Control Meets Learning Seminar
The design of data markets has gained in importance as firms increasingly use predictions from machine learning models to make their operations more effective, yet need to externally acquire the necessary training data to fit such models. This is particularly true in the context of the Internet where an ever-increasing amount of user data is being collected and exchanged. The challenge in creating such a marketplace stems from the very nature of data as an asset: (i) it can be replicated at zero marginal cost; (ii) its value to a firm is inherently combinatorial (i.e. the value of a particular dataset depends on what other (potentially correlated) datasets are available); (iii) its value to a firm is dependent on which other firms get access to the same data; (iv) prediction tasks and the value of an increase in prediction accuracy vary widely between different firms, and so it is not obvious how to set prices for a collection of datasets with correlated signals; (v) finally, the authenticity and truthfulness of data is difficult to verify a priori without first applying to a prediction task.

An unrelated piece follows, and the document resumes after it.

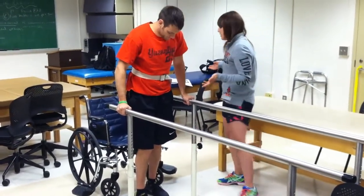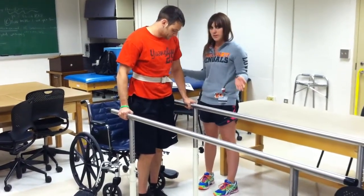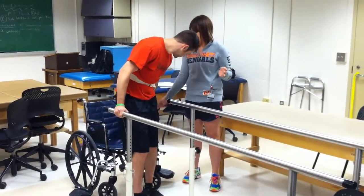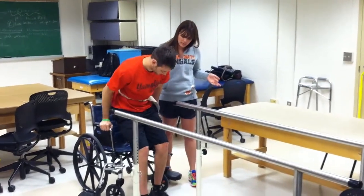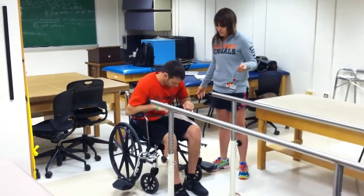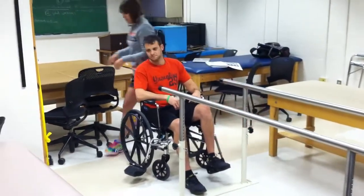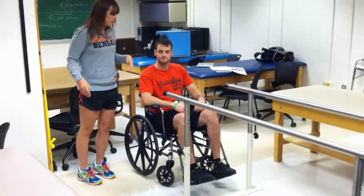Now we're going to have him sit back down. Make sure his back leg is close to the chair — it can be four to six inches away. Take your arm on your good side and extend it back and place it on the armrest. Flex your hip and your knee on that side, then do the same with your other side. Lower yourself down and scoot yourself back in the chair.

In this work, we consider the case with N competing firms and a monopolistic data seller. We demonstrate that modeling the utility of firms solely through the increase in prediction accuracy experienced reduces the complex, combinatorial problem of allocating and pricing multiple data sets to an auction of a single digital (freely replicable) good. We address an important property of such markets that has been given limited consideration thus far, namely the externality faced by a firm when data is allocated to other, competing firms. Addressing this is likely necessary for progress towards the practical implementation of such markets. Using the modeling abstraction, we obtain forms of the welfare-maximizing and revenue-maximizing auctions for such settings. We highlight how the form of the firms' private information – whether they know the externalities they exert on others or that others exert on them – affects the structure of the optimal mechanisms. We find that in all cases, the optimal allocation rules turn out to be single thresholds (one per firm), in which the seller allocates all information or none of it to a firm. We demonstrate how externality affects both allocation of information and revenue generated through simple examples. Finally, we discuss situations when this linear model fails.
This work is done in collaboration with Anish Agarwal, Thibaut Horel, Maryann Rui.